We have experienced similar challenges during previous periods of severe drought including back in 1968 and then more recently, under the previous Government, between 2006 and 2008.
On each previous occasion Tasmania has managed its way through the challenge and we will do so again.
The Tasmanian Government has a Plan in place to ensure we can continue to meet the energy requirements of Tasmania and we are getting on with the job of implementing that Plan.
Notwithstanding the fact that we have faced energy security challenges before, the precise circumstances that have led to the current situation are, in fact, unprecedented and it is worth briefly reflecting on them.
In Spring last year Tasmania experienced the lowest rainfall in over 100 years of recorded history. History proves that the Spring dry was worse than a one in 100 year event. The inflows to the Hydro Dams during Spring were also the lowest in Hydro’s records. In fact, the inflows were not just the lowest on record, they were less than half the previous record low in the last 30 years of Hydro records.
To put this in some perspective, if Hydro inflows during September to December last year had been equal to the previous 30 year low, water storages would be up to 8% higher than they are today.
This situation has been further exacerbated by continued below average inflows for January and February. While current forward forecasts are for a greater chance of above average rainfall for March through to May, we cannot rely on forecasts and that is why our Plan includes contingencies to manage continued dry conditions.
However, the current record dry period is only half of the story. At the same time we have also experienced the first ever substantive outage of the Basslink cable.
Basslink was commissioned under the former Government in 2006 and was intended to provide for energy security in times of low inflows and also to facilitate trade into the National Electricity Market allowing Hydro Tasmania to take advantage of peak prices interstate.
Up until the current outage the performance of the Basslink cable has been very reliable. In the decade since Basslink was commissioned, the previous maximum number of days Basslink has been out in a calendar year is just over 12 days in total. In fact over this period Basslink has operated with an average availability of approximately 96%. Basslink, up to the time of the current outage, had proven to be extremely reliable.
During the 2006 – 2008 dry, Basslink continued to be available although with a lower average import capability.
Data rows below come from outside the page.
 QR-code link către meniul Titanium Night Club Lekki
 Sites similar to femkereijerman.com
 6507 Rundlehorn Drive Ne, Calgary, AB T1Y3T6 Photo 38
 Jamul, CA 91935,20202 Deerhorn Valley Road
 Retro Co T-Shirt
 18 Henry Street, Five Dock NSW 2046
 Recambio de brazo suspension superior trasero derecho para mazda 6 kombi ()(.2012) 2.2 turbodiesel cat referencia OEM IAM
In the 1968 dry there was of course no Basslink but equally it had not been factored in as a contingency leading into the event.
The present situation involving both the record dry and first substantive Basslink outage is therefore, quite literally, unprecedented.
Water Storage Context
It is important to briefly provide some broader context on water storage levels.
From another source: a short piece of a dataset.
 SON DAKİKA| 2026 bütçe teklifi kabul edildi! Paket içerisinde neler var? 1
In the lead up to the carbon tax Hydro Tasmania commenced the process of building up water storages to maximise export capacity during the carbon tax period.
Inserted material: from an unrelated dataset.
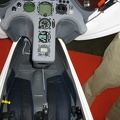 090402 AERO 65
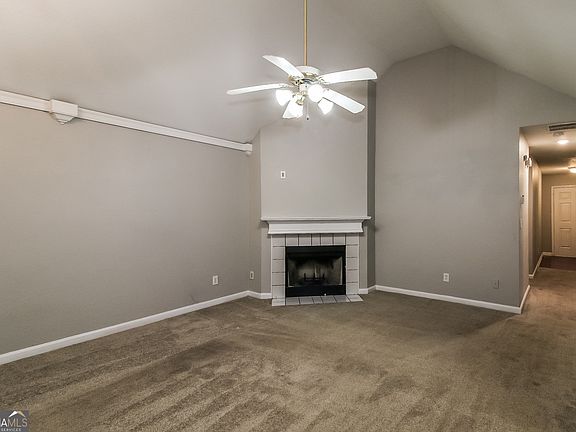 4th image of 4525 Ravenwood Pl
Up until the introduction of the carbon tax, Hydro Tasmania storages were set at a preferred minimum level of 30% by 1 July each year.
Following the introduction of the carbon tax, in September 2012, the preferred minimum level was lowered by 5% to 25%.
On 1 July in each subsequent year storages have been around 30%. On 1 July 2013 water storages were just under 33%. On 1 July 2014 they were just over 28% and on 1 July 2015 storage levels were just under 30%.
Hydro Tasmania’s inflows for the period of May through to August 2015 were above average. The inflow for August itself was below average but not by a significant amount.
The record dry commenced in September 2015 with below average inflows for that month and then intensified in October 2015 when Hydro Tasmania’s dams received just 7% of average inflows.
In response, from October 2015 Hydro Tasmania began to significantly increase its import of energy across Basslink in order to help manage the water storage levels. By late November Hydro Tasmania was importing up to 40% of Tasmania’s energy requirements across Basslink. They also reviewed plant utilisation to identify opportunities for deferring planned maintenance at its power stations.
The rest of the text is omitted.